◆ TASK BRIEF ◆
A line belongs in the answer if it contains "Wreath"; copy every such line from the entries below.

Web page caption snippets:
- - -
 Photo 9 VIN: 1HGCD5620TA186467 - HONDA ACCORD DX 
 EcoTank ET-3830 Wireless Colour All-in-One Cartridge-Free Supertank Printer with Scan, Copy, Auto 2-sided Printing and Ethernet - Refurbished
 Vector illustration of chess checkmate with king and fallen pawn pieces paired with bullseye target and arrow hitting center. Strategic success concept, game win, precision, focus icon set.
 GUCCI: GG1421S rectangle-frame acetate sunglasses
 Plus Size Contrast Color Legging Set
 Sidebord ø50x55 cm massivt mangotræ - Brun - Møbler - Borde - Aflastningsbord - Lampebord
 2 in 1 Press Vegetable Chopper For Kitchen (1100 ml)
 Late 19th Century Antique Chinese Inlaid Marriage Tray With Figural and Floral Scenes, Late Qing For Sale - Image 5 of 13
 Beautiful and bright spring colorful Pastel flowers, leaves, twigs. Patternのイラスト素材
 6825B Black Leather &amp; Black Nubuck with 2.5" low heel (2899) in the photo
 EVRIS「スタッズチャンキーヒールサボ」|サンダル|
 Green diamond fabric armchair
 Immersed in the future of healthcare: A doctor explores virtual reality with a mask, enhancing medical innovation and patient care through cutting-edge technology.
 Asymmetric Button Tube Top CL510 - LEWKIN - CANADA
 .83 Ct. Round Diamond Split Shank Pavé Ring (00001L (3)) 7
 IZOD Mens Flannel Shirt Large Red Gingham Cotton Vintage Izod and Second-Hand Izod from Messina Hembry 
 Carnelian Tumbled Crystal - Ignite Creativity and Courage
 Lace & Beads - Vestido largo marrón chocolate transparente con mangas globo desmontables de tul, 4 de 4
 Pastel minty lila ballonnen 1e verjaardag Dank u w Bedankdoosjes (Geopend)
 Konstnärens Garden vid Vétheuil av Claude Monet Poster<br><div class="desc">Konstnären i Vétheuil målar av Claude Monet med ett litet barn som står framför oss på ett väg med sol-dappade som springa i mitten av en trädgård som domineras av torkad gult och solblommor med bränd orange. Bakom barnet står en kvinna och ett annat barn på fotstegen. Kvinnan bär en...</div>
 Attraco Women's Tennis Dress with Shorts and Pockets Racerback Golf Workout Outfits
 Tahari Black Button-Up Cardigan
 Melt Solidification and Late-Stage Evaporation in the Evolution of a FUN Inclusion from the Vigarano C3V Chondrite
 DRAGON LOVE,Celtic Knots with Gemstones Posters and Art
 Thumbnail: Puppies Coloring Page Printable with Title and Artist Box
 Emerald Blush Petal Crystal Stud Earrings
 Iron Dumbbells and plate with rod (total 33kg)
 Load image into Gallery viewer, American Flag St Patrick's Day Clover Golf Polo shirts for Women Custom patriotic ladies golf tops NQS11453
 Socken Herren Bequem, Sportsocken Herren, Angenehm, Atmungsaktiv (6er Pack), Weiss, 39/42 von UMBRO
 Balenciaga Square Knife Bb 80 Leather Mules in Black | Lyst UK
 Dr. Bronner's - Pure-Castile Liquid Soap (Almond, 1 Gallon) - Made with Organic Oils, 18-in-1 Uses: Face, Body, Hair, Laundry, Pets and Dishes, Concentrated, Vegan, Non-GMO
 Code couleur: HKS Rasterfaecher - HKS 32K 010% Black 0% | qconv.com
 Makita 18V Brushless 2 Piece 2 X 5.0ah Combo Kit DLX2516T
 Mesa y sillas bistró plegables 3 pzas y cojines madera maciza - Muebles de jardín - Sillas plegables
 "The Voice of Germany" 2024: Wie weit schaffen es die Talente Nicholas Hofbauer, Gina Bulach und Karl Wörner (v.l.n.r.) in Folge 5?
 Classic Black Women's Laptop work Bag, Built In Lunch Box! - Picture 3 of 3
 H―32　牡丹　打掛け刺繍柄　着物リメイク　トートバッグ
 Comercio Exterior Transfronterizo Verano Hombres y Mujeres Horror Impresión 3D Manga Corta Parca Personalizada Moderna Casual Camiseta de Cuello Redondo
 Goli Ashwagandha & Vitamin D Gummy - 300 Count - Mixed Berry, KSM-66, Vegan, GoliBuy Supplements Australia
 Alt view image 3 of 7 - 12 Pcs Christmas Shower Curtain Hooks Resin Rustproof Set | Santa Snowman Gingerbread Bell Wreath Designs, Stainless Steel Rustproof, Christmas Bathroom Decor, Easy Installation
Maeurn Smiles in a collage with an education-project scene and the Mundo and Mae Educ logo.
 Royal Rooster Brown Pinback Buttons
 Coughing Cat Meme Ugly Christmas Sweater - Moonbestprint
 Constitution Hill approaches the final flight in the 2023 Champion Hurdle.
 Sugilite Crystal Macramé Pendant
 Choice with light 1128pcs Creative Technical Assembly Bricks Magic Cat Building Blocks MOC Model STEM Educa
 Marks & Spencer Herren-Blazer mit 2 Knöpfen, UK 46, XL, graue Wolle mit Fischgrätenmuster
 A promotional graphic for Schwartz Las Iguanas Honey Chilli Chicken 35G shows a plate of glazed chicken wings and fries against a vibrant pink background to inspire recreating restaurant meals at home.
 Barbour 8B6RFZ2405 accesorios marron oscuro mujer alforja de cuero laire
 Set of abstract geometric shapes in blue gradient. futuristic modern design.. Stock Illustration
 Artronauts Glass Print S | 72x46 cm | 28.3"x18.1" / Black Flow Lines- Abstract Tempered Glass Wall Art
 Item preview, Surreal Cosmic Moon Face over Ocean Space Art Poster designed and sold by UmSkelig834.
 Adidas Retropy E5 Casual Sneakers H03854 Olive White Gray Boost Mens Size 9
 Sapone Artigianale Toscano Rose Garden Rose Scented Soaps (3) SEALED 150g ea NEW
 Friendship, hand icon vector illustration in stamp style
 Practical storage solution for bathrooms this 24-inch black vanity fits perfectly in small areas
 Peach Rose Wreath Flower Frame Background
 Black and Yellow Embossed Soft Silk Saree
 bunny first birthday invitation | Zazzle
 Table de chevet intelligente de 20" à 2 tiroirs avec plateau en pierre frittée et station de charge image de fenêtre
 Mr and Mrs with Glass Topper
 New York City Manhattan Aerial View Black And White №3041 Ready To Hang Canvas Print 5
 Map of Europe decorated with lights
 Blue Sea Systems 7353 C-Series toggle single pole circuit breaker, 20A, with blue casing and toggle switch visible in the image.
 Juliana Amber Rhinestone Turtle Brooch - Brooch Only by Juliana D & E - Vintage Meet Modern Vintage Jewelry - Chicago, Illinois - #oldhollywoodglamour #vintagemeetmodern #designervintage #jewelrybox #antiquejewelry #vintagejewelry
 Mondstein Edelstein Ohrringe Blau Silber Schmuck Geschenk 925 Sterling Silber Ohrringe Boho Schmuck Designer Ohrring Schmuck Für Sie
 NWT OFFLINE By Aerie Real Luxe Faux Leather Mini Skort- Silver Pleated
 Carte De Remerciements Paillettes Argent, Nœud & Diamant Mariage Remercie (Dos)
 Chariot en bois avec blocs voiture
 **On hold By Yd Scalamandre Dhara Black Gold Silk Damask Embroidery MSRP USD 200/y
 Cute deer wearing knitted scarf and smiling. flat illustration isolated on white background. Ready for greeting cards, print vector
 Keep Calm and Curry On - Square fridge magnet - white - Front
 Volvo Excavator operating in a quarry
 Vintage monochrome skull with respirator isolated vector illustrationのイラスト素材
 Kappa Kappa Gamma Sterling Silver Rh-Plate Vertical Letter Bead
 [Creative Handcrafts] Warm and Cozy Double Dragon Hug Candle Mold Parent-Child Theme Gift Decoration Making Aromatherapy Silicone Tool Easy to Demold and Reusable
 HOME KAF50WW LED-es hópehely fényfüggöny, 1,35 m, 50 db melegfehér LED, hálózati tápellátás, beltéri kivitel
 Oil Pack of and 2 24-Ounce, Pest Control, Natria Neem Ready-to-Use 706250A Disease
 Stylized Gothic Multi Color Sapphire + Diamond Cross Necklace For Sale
- - -
◆ EXERCISE RESULT ◆
 Alt view image 3 of 7 - 12 Pcs Christmas Shower Curtain Hooks Resin Rustproof Set | Santa Snowman Gingerbread Bell Wreath Designs, Stainless Steel Rustproof, Christmas Bathroom Decor, Easy Installation
 Peach Rose Wreath Flower Frame Background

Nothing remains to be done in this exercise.